Tuesday, June 24, 2008

S&P/Case-Shiller Home Prices Fell 15.3% in April

Highlights:

  • Home Prices: "In 20 U.S. metropolitan areas fell in April by the most on record. The S&P/Case-Shiller home-price index dropped 15.3 percent from a year earlier "
  • James O'Sullivan: "A senior economist at UBS Securities LLC said, "There's such an excess of inventories that we certainly expect to see more price declines."
  • Rising Borrowing Costs: "Fannie Mae, the largest mortgage buyer, last week cut its forecast for new and existing home sales this year as 30-year fixed mortgage rates jumped to an eight-month high."

Comments:

Testing the Water: "Come on in the water is just fine", is something I would expect to hear from a real estate seller. But to all you buyers eager to get in - - beware.

Rising Home Interest Rates: Certainly are complicating the picture. The Federal Reserve is in a very delicate situation of strengthening the dollar and fighting inflation versus stimulating the economy. Stable rates and prices would be nice but doesn't appear to be in the near term cards.

Jim


Wednesday, June 18, 2008

Horrid Housing Starts


Highlights:

Last three months: "the average seasonally adjusted annual rate for single family home starts was 689,000. The last time the figure was that low, Ronald Reagan was president and Paul Volcker was the Federal Reserve chairman. "

Another way to measure the decline: "has been is to compare the current seasonally adjusted rate with the actual number of housing starts over the preceding 12 months, again using three-month moving averages. A figure above 100 percent means starts are rising, while one below 100 percent means they are falling. The latest figure is 77 percent."

Long View: "It was the seventh consecutive month when the figure was under 80 percent. Other than a six-month string in 1981 and 1982, that figure has not fallen below 80 percent at any time since the figures became available in 1959. This is the 26 th consecutive month in which the figure was under 100 percent, meaning a declining market for starts. That matches the longest such streak ever, set in the mid-1970’s, when a severe recession was caused by soaring oil prices."

Comments:

Hold Tight: Currently, there is no indication that the bear market in real estate has run it's course.

Implications: Since the underlining assets are tied to National and International Fix Income Funds and Bank Holdings we can not anticipate any near term resolution of portfolio values until the knife (asset values) has stopped falling.
To all potential investors, be careful, it is very difficult to catch a falling knife.


Jim

Friday, June 13, 2008

Foreclosures Rise 48% in May as Repossessions Double (Update2)

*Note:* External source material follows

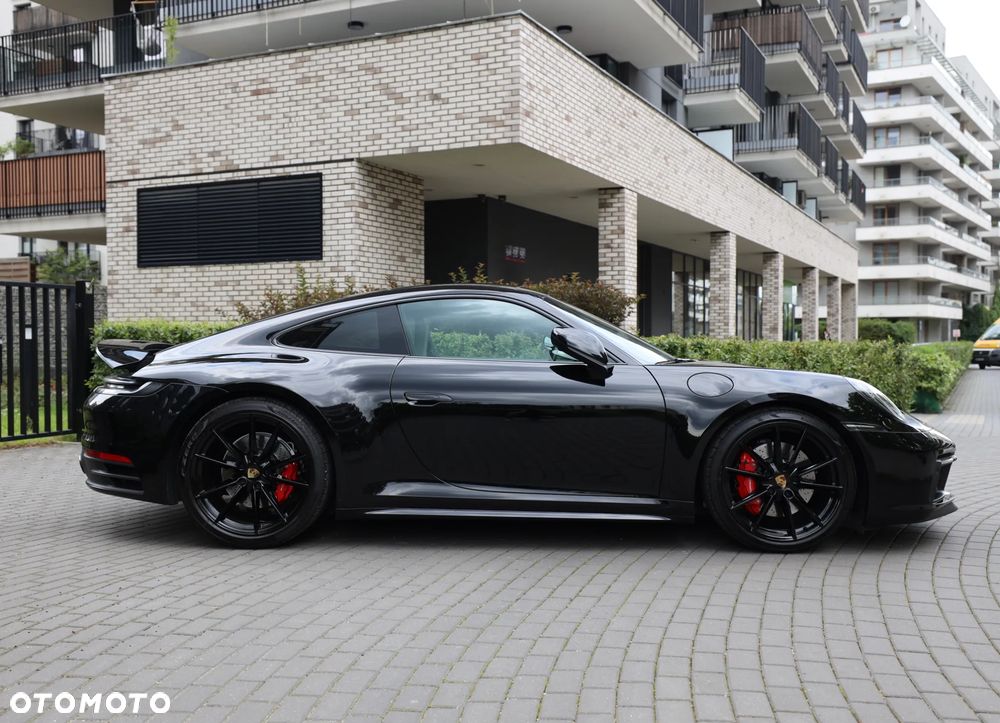 Porsche 911 Carrera S - 18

Westbury, New York during a bus tour of foreclosed homes
on May 10, 2008. Photographer: Jin Lee/Bloomberg News

Highlights
Banks Repossessed: "Twice as many homes in May and foreclosure filings rose 48 percent from a year ago as falling house prices trapped borrowers in mortgages they couldn't afford,realty Trac Inc. said in a report today."

Michelle Meyer and Ethan Harris, economists at Lehman Brothers: "Foreclosures will account for 30 percent of national home sales this year as 1.2 million foreclosed single-family homes will eventually enter the market, they said. They estimate foreclosed properties, which typically sell for about 20 percent less than other homes, will depress home prices nationally by 6 percent."

Feedback Loop: ""The risk is that an adverse feedback loop will develop, in which problems in the housing market undercut the economy, causing even more stress in the housing and mortgage markets,'' Meyer and Harris wrote."

Wrong Way: "Lenders are afraid to lend and buyers are afraid they'll be under water in a year, so unless something dramatic happens we're going to continue to see the trend go in the wrong direction,'' said Rick Sharga, RealtyTrac's vice president of marketing."

Comments:

Foreclosure Status:
Based on the facts reported there is no near term bottom in sight.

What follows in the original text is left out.